━━━━━ Records provided ━━━━━

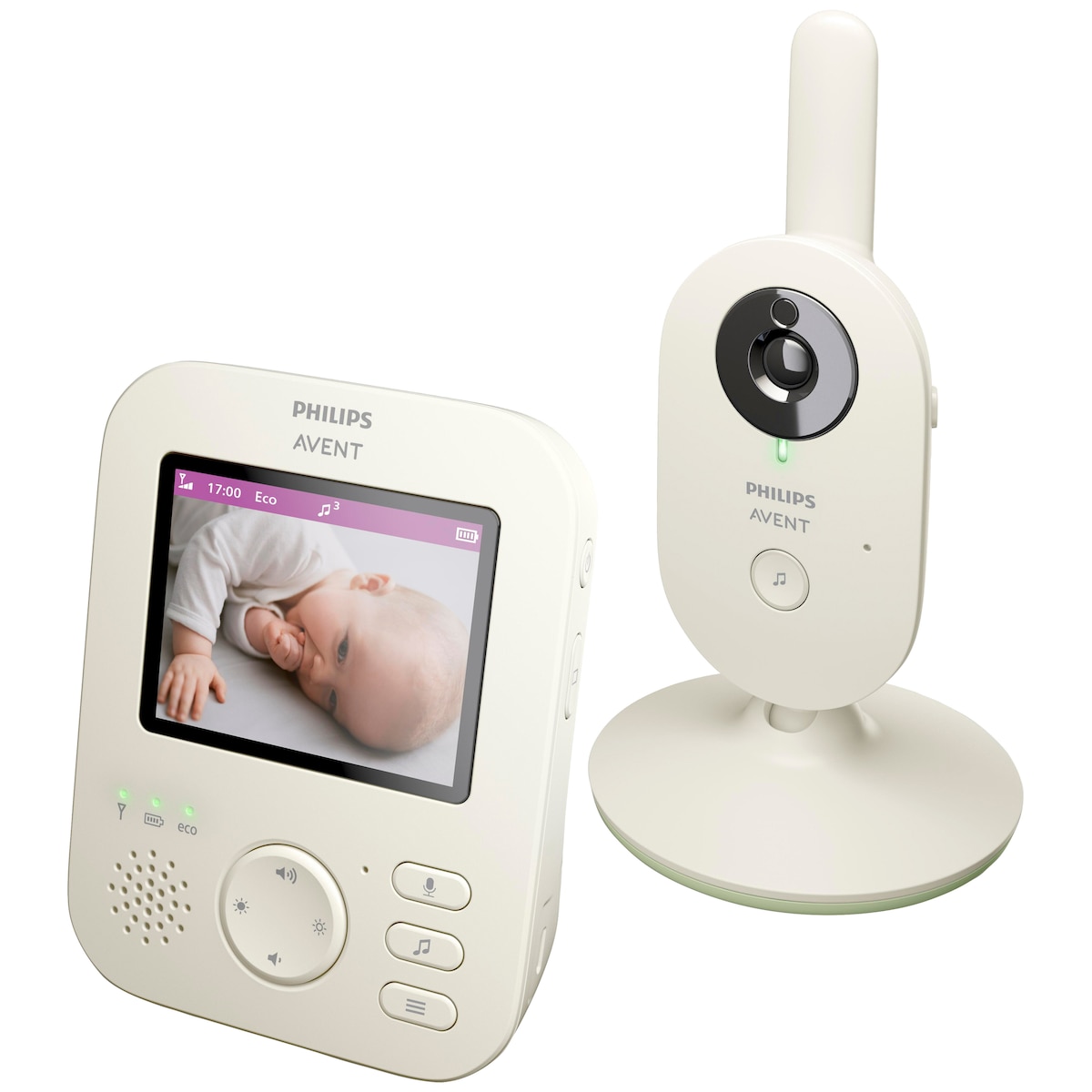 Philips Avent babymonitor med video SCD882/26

━━━━━
━━━━━ Records provided ━━━━━

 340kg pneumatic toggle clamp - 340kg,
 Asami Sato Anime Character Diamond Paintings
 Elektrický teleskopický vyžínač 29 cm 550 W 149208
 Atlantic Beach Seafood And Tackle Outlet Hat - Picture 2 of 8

━━━━━

**Activity**.
All that is wanted is an exact copy of the lines above from the one with "Elektrický teleskopický vyžínač" through the one with "Atlantic Beach Seafood", with both ends included.

**Solution to this exercise**.
 Elektrický teleskopický vyžínač 29 cm 550 W 149208
 Atlantic Beach Seafood And Tackle Outlet Hat - Picture 2 of 8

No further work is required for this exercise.